SOURCE MATERIAL —
● ● ● ● ● ● ●

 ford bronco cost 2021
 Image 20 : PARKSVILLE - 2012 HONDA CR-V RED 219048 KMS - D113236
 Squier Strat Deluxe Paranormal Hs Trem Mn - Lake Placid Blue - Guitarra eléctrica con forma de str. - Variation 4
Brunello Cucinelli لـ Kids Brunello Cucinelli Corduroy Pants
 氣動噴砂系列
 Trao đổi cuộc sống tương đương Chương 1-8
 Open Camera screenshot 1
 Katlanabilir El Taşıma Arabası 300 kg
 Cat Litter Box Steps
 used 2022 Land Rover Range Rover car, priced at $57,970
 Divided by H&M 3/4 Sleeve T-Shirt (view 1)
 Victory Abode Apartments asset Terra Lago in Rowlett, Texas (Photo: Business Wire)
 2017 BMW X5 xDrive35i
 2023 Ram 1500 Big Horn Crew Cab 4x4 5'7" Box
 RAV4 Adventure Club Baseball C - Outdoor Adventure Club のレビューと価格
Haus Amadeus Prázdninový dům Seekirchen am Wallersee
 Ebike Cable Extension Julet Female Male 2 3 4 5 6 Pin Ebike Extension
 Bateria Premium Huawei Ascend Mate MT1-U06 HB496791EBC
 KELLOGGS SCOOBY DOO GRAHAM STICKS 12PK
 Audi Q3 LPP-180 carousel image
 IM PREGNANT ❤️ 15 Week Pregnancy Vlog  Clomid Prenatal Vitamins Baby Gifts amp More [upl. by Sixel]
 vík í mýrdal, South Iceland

● ● ● ● ● ● ●

TASK OBJECTIVE — The answer should be an exact copy of the lines from the first line of the data through the line with "used 2022 Land" and should contain nothing else.

OUTPUT BELOW —
 ford bronco cost 2021
 Image 20 : PARKSVILLE - 2012 HONDA CR-V RED 219048 KMS - D113236
 Squier Strat Deluxe Paranormal Hs Trem Mn - Lake Placid Blue - Guitarra eléctrica con forma de str. - Variation 4
Brunello Cucinelli لـ Kids Brunello Cucinelli Corduroy Pants
 氣動噴砂系列
 Trao đổi cuộc sống tương đương Chương 1-8
 Open Camera screenshot 1
 Katlanabilir El Taşıma Arabası 300 kg
 Cat Litter Box Steps
 used 2022 Land Rover Range Rover car, priced at $57,970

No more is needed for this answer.